Besides thinking about the wild card fifth swimmer, I was thinking about the triathlon swim.  I really wonder if I am taking it too lightly.  I always take small pit stops at the end of the lane, what will I do in the ocean?  Started thinking about perhaps trying to swim with a nose plug thing?  Plus, my goggles suck and always let water in.  I always have to adjust them, how will I be able to do this during the race?  I feel like goggles always leak but should I get different goggles?  Is it worth it to get more expensive ones?  I still need to get a rubber bathing cap too.  Then I remembered that the swim in the race is only 8 (50 meter) laps and I just did 25, I should be OK.  Next time I swim though I am going to try to swim 8 laps without pushing off the wall or taking rests and see how I fare.

Tomorrow will be my short run day and also my WW weigh in.  I have not been eating well so hopefully the activity will save me.
                            

Sunday, July 10, 2011

War of the Roses

I am devastated that a fungus is attacking my rose bushes.  I know I have written about the roses before and their beauty.  We cleared out the flower bed and planted them when we first moved to the house.  My husband and I share a special pride in seeing them flourish, pointing out new shoot growths and of course the beautiful blooms.  Now, a fungus seems to be in all the bushed but especially two of the eight bushes.  It turns the leaves yellow with black spots and then the leaves drop off.  I spent hours today doing a big pruning.  Tomorrow I will apply the fungicide (which we already did once) and then spray all the leaves with of all things, milk.  I hope we can save them.
Our roses before the fungus attack.

Beginning Week 3 of Tri Training

Moving into week 3 of triathlon training...  I have yet to complete a full week of all the trainings.  This week I missed a swim.  However I did get both runs in.  I was very happy with completing the short run (3 miles) at an 8:29 pace and then for the long run I did a 5 mile race which I completed in just under 44 minutes.   My pace for the race was a bit more sporadic completing mile one in under 8 minutes but mile 4 was 10 minutes.  The race was tough completely in the sun, a ridiculous amount of sweat and it was pretty humid, plus I wore my new shorts which caused major chaffing so I will not be wearing them again.  Ouch!
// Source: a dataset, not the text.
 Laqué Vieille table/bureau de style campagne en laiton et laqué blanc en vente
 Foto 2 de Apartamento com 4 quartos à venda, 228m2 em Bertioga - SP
Looking forward to actually being able to complete all of the training this week since we will not be going away for the weekend yet again.  I need to actually sign up for the triathlon and find and ride an actual bike instead of just the stationary one in the gym.

Thursday, July 7, 2011

Week One of Fake Maintenance

Down 1.8 lbs this week for a total of 33.2 lbs lost in 38 weeks!  Just 3.2 lbs away from ultimate goal of 150.  I have to admit I was a little surprised by this loss.  I ate OK but I went to town on a cheese platter while we were away this weekend plus my mom brought over a cake!  Pretty sure this weight loss is due to my new gym schedule/tri training not my eating habits.  The WW weigh-in lady kind of gave me a look when I weighed in because you aren't supposed to get too far away from your goal number.  I want to take the maintenance part very seriously but I won't really be in it until I hit 150 (even though their computer says 155).

This week we celebrated the end of our 12 week challenge.  I love having the blog so I can easily look back and read what I was thinking about 12 weeks ago.  I was in a rut and resolved to use my tracking journal for 12 weeks.  I was not successful in using it every single day but I did use it for a week at a time once a month. I think it was a big part of getting me back on track out of that rut.

I went shopping this week.  My mother watched the kids and I hit Marshal's got running shorts that were sorely needed now that I have an extra gym day.  I got a dress or bathing suit cover up, not really sure which it is but I really like it as a dress and we're going to a pool party this weekend so its perfect.  I also got bikini bottoms!!!  They are probably the most boring and conservative bikini bottoms ever but they are a size small!!  I have a tank top bathing suit top that I got at an end of season sale a while back, maybe 3 years ago.  Never wore it b/c I never got around to getting bottoms, have everything now and it all fits so I'm excited.  I was in the same crappy Marshals' dressing room right after I had the baby and I felt so miserable.  I was standing in their the other day and it was so nice to try things on and even if they fit wrong or look terrible at least they button or zip and I can actually get my body inside said apparel, there is so much joy in just that.

Tri training has been going well.  Doing a race this weekend for my long run.  Still have to get the shorter run and a swim in for this week.  Wondering if I can combine them for one day rather than two, we're going away for the weekend again so its hard to fit it all in separately.

Disaster did strike once this week when I foolishly asked my waxer how old I looked.  She said 35.  While I don't consider 35 to be old, I just hate that I may look older than I actually am.  Ugh!  She knows I have three kids so I'm going to let myself think that came into her equation of my age.  But the lesson in this is not to try to look younger or better b/c I feel great as is, the lesson is DON'T ASK ANYONE TO GUESS YOUR AGE!!!

Monday, July 4, 2011

Coming from a Place of Gratitude

This week has been so motivating on many levels.  I keep thinking about the "Spiritual Practices for Times of Crisis" that I posted earlier this month, in particular the coming from a place of gratitude.  Its often hard to always be in a place of gratitude, sometimes complaining make you feel more interesting (there's always something to complain about).  Now that I am willfully trying to be in a place of gratitude I really feel like the effort it is so worthwhile.  Life just seems so much more pleasant.

Last week I happened to see a WW friend at the gym and we had such a wonderful conversation about seeing yourself and working towards things -- finishing a home, being comfortable with yourself and your surroundings.  I felt like she was really capturing the sentiment behind what motivated me to write this blog.  Of the many interesting things she was saying the thing I keep thinking about is how she is rewarding herself for her success.  She wants to really see herself and is buying a special full length mirror, sounds like it may even be bigger than full length.  I think that is so wonderful.

Tri training this week was a little disappointing since we went away for the weekend, I missed a swim and the shorter run.  I have planned my week this week so I should be able to fit everything in.  Have no idea how the eating went this week.  I think overall good but I've had my binging moments.  Its been hot so I always feel like I've burned calories but it could just be the temperature.  I am going to hit the gym hard this week though just in case.  I filled out my application for school but after corresponding with the school I've decided to hold off one more year.  Basically, if we move next year I'd have to find a school that would accept the credits.   Sounds like a pretty big "if" since its only a two year program most schools want you to attend for both years.  I'll look into it a little more but holding off seems like thing to do.  Definitely starting tomorrow with my wheat grass.